He went without further leave-taking. On the threshold he stopped an instant and looked back, but the girl did not raise her head, and he went quickly out.

"Well?" said the Manager, eagerly, as he came forward to meet his son. "Well?" he repeated more anxiously, for Ulric's face was not happy as that of an affianced lover.

"It was of no good, father," said Ulric in a low voice. "Martha will not have me."

"Will not have you?" cried the old man, as though the most astounding news in the world were being announced to him.

"No, and don't tease her with a lot of questions and talk about it. She knows well enough why she has refused me, and I know too, so there is no use in a third person meddling with it. Now let me go, father, I must get away."

He hurried past, evidently wishing to escape all further discussion. The Manager grasped his pipe with both hands; he was almost inclined to dash it to the ground, by way of giving vent to his vexation.

"Who can understand these women and their fancies? I could have staked my head upon it that the girl was fond of him, and now she sends him away with a No! and he ... I should not have thought he would have taken it so much to heart. He looked quite scared, and he is tearing along the road as if he were mad. But he will never explain it to me as long as he lives, I know him well enough to be sure of that, and Martha won't either."

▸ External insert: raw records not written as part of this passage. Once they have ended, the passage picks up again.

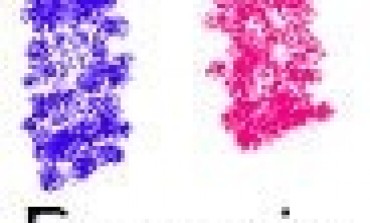 #TAUBIRA : "C'EST UN RACISME PUR ET DUR"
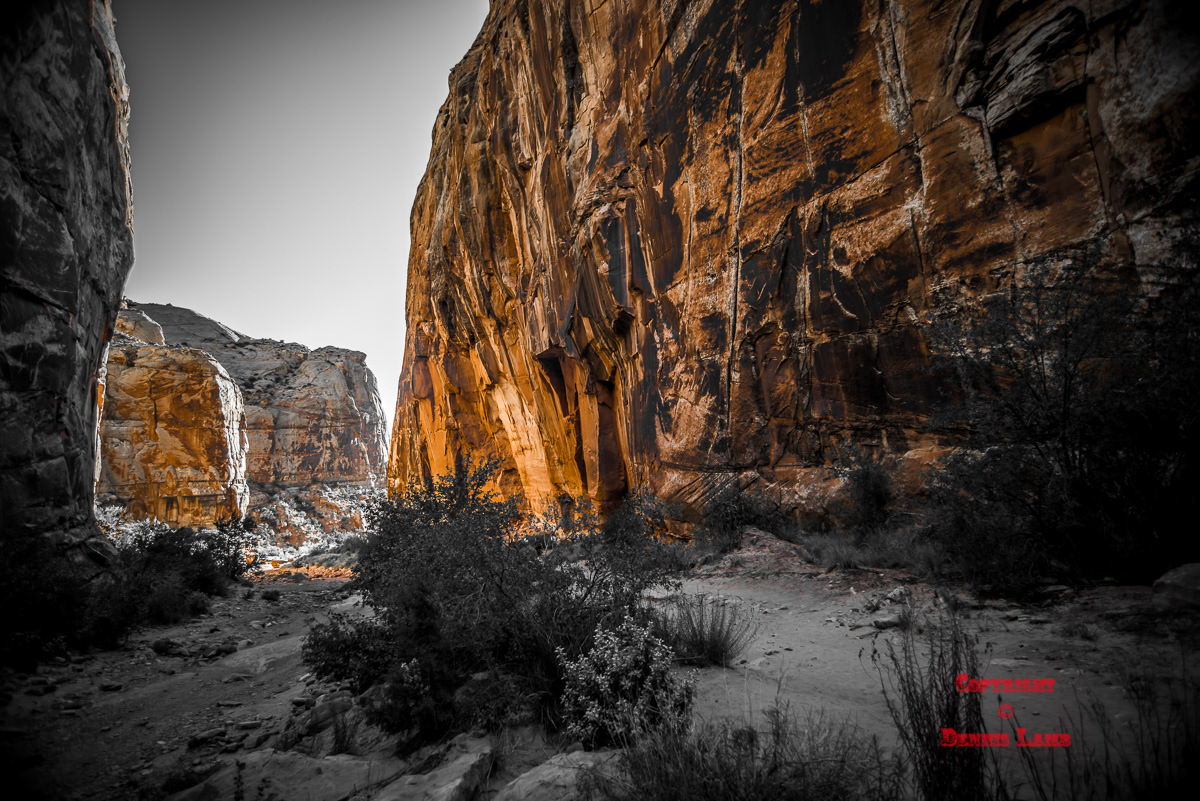 Utah - Capital Reef 2
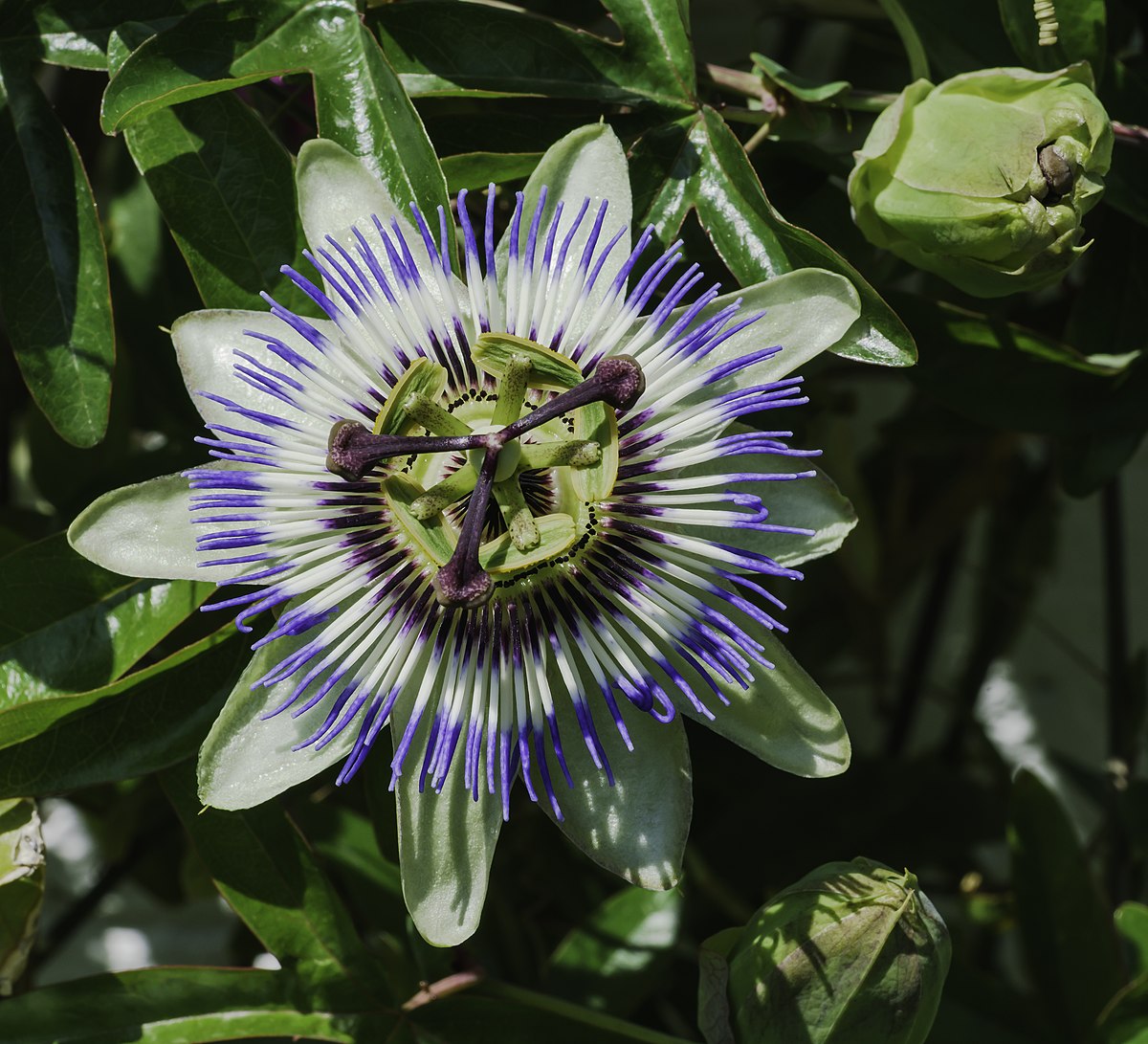 Passion Flower / Passiflora caerulea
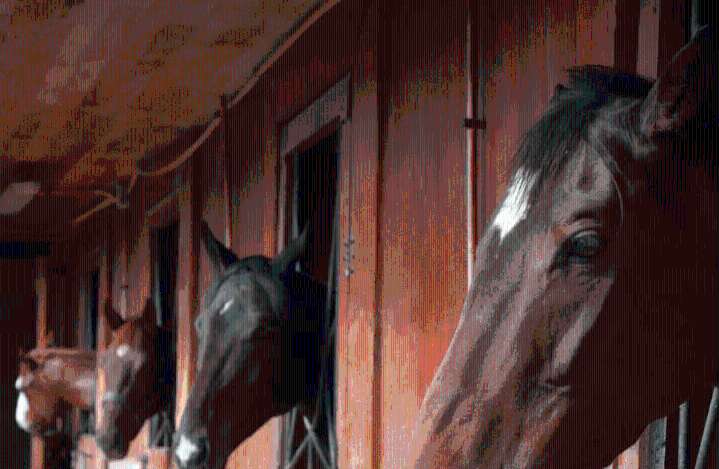 Familia de Talagante denuncia el robo de sus queridos caballos: temen que los sacrifiquen para el 18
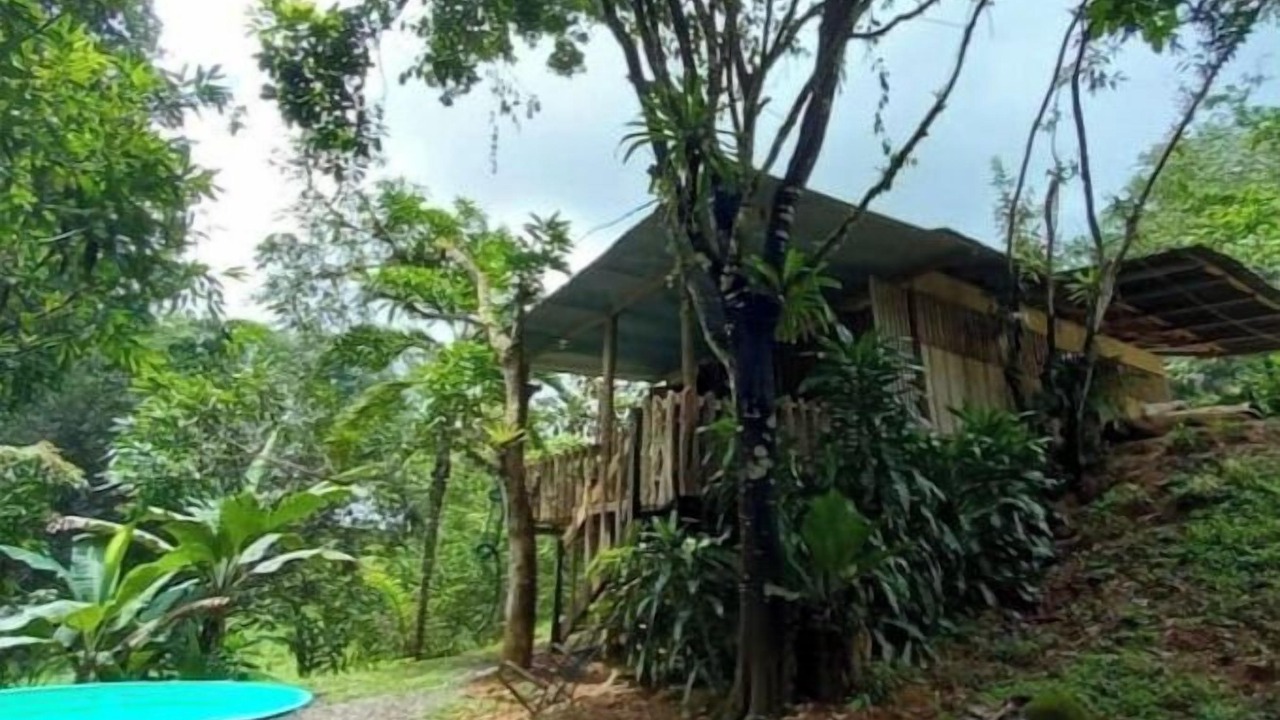 Photo of Outdoor in Naranjito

The Manager went on pacing up and down the little garden, until gradually his wrath sobered down to a more resigned state of feeling. What could be done in the matter after all? They could not be tied together by force if they did not wish to be so tied, and it was of no use racking one's brains to discover why they did not wish it. With a heavy sigh the old man bade farewell to his favourite scheme, now hopelessly shipwrecked. These things cannot be forced!

He was still standing at the garden-gate, busy with his troubled thoughts, when he saw the younger Herr Berkow coming down the road which led past his cottage to the back of the park. Arthur seemed better acquainted than his wife with the mode of ingress. He drew a key from his pocket, destined, no doubt, to fit the lock which had so recently been broken open.

The Manager bowed deeply and respectfully to the young heir as he went by. With his usual scant sympathy, Arthur, hardly glancing aside at him, gave a lofty negligent little nod by way of recognition, and was passing on. A quiver of pain came into the old man's face, as he stood there still holding his cap in his hand and looking after the other with a mournful gaze which seemed to say, "So that's what you have grown into!"